В то же время статистические данные указывали на возможную опасность оказаться запертым в Адриатике. Растущее соперничество Италии в этом море, а также претензии царской России на Константинополь усилили стремление австро-венгерского империализма к беспрепятственному выходу на широкий простор.

Наиболее очевидным решением этого вопроса были Салоники. Еще в 1907 году один из выразителей политики Франца-Иосифа провозгласил Салоники наиболее продвинувшимися вперед воротами на юго-восток для южноавстрийской и венгерской торговли. «Салоники, – заявил он, – наша надежда на будущее».

Несмотря на все последующие опровержения, это представление настолько укоренилось, что даже во время Дарданелльского кризиса, когда колебания Греции имели исключительно важное значение, Министерство иностранных дел Австро-Венгрии инстинктивно не хотело дать ей больших заверений, чем то, что Австро-Венгрия не имеет эгоистических целей в этом порту.

Но путь в Салоники, как заметил Берхтольд, проходил через Сербию.

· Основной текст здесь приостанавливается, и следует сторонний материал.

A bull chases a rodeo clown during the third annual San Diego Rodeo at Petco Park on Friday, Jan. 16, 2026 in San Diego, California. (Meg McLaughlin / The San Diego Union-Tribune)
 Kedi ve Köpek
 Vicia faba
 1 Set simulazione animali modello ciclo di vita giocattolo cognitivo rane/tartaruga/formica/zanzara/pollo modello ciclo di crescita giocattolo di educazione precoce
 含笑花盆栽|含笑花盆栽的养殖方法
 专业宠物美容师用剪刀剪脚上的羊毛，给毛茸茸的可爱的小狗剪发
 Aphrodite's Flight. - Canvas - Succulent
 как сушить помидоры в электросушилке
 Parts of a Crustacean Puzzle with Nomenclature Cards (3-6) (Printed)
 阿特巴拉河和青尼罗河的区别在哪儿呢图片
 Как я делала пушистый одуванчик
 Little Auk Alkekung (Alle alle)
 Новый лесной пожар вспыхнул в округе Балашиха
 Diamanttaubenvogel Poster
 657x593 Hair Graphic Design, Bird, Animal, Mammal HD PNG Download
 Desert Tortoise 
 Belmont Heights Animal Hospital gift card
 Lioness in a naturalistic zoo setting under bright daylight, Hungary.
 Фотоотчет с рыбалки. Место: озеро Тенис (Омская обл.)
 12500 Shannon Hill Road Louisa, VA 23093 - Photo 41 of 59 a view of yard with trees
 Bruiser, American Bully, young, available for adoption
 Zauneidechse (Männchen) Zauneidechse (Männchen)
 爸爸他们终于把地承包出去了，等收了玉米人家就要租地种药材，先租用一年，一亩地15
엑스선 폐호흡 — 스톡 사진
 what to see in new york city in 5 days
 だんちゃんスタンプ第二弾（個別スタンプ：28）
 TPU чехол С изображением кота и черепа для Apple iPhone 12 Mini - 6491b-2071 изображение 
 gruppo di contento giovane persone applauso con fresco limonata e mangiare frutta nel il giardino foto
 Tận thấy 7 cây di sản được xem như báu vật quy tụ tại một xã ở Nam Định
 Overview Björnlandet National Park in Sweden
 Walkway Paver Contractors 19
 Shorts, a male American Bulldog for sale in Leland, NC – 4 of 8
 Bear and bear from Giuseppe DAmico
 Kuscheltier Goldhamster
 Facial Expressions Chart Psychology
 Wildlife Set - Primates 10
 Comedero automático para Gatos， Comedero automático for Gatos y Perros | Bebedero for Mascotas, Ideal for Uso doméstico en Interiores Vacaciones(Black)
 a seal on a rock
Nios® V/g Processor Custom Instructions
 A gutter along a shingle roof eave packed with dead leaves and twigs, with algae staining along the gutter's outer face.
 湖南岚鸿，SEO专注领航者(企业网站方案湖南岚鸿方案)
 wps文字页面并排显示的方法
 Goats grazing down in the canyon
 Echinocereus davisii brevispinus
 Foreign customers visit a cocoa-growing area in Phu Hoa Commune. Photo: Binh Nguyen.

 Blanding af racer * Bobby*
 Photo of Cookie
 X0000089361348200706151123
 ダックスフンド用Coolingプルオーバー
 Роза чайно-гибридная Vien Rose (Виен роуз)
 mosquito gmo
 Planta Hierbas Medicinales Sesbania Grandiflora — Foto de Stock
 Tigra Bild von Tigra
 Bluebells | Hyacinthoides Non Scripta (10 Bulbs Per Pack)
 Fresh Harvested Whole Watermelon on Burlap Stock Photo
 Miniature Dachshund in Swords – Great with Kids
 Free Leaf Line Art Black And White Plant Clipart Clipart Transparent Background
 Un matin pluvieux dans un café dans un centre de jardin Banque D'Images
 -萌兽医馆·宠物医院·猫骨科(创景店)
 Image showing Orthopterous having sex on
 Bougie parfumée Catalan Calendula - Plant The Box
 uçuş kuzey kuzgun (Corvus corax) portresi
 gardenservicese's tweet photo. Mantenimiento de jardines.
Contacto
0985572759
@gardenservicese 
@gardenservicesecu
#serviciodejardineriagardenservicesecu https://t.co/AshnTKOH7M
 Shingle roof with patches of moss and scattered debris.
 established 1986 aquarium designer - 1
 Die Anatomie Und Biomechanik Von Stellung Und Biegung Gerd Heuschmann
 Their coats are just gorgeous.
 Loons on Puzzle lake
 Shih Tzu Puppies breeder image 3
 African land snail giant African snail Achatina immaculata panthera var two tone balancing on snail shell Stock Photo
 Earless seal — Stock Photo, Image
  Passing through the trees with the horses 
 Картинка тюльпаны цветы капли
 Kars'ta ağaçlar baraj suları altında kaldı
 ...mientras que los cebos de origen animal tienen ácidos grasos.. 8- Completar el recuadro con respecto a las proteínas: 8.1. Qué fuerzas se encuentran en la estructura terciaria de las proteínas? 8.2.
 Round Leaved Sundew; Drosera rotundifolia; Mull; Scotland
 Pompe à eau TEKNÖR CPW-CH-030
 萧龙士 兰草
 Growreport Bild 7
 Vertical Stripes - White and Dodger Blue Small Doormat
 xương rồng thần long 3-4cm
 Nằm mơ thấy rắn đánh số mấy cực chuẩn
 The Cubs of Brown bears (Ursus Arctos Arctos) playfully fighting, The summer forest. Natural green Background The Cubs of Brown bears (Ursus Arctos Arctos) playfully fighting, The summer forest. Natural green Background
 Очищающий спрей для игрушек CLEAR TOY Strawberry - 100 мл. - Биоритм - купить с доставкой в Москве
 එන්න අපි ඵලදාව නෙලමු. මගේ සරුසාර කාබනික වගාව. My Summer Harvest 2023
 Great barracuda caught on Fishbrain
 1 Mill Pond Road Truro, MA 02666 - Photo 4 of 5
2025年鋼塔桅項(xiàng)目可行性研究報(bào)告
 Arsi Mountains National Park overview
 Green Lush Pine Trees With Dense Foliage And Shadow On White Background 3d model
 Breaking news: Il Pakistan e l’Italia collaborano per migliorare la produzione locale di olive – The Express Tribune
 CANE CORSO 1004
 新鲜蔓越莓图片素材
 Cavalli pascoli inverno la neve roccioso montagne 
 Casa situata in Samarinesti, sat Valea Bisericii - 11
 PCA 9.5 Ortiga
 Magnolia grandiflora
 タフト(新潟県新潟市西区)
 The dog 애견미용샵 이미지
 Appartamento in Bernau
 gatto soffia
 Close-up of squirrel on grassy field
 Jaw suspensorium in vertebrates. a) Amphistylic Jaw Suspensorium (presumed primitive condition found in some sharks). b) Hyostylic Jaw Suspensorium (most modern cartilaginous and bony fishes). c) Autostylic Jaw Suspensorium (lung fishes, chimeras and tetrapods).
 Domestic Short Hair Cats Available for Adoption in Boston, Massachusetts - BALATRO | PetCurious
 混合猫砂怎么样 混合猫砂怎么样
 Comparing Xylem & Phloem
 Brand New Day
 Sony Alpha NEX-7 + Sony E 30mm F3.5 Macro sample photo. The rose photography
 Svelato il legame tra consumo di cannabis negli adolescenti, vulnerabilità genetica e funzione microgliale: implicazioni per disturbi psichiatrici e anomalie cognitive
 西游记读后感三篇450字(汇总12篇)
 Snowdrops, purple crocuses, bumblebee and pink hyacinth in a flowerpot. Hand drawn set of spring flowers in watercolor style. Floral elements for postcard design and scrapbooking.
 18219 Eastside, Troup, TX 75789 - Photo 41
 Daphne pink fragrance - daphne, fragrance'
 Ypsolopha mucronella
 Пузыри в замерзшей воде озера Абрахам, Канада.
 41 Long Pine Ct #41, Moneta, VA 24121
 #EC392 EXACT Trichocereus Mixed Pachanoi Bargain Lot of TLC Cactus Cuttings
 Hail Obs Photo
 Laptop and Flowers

Генеральный штаб Габсбургов утверждал, что лучшая линия продвижения к этому порту проходит вдоль Моравской долины, через самое сердце королевства. Пройти можно было только при условии, если югославы подчинятся, а так как они сопротивлялись, было решено покорить их.

Поэтому война с Сербией не возникла, как утверждали, прежде всего по соображениям внутренней политики или с целью решительно приостановить великосербскую агитацию. По существу, она – несмотря на весь панславизм и поддержку Белграда Россией – также не являлась и борьбой за существование двуединой монархии. В свете имеющихся фактов печальная история почтенной империи, которой настойчиво мешали в ее мирной эволюции и в проведении консервативной внешней политики – и, по словам Маккио, «принуждали к самозащите против угрожающей снизу опасности», оказывается чистым измышлением. Широкий размах вооружений, подготовительные мобилизации людей и финансовых ресурсов проливают свет на хвастливое заявление Гойоса, что «в 1914 году наша система еще не страдала малокровием».

Война с сербами, в основном, преследовала цель заполнить «вакуум», образовавшийся после крушения Европейской Турции, чтобы восстающие народы не заняли своего законного места. В ней нашло выражение, неоднократно повторявшееся высказывание Конрада о том, «что будущее [двуединой] монархии находится на Балканах». Это был крупный шаг империалистической агрессии, имевший целью установление австро-венгерской гегемонии в юго-восточной Европе.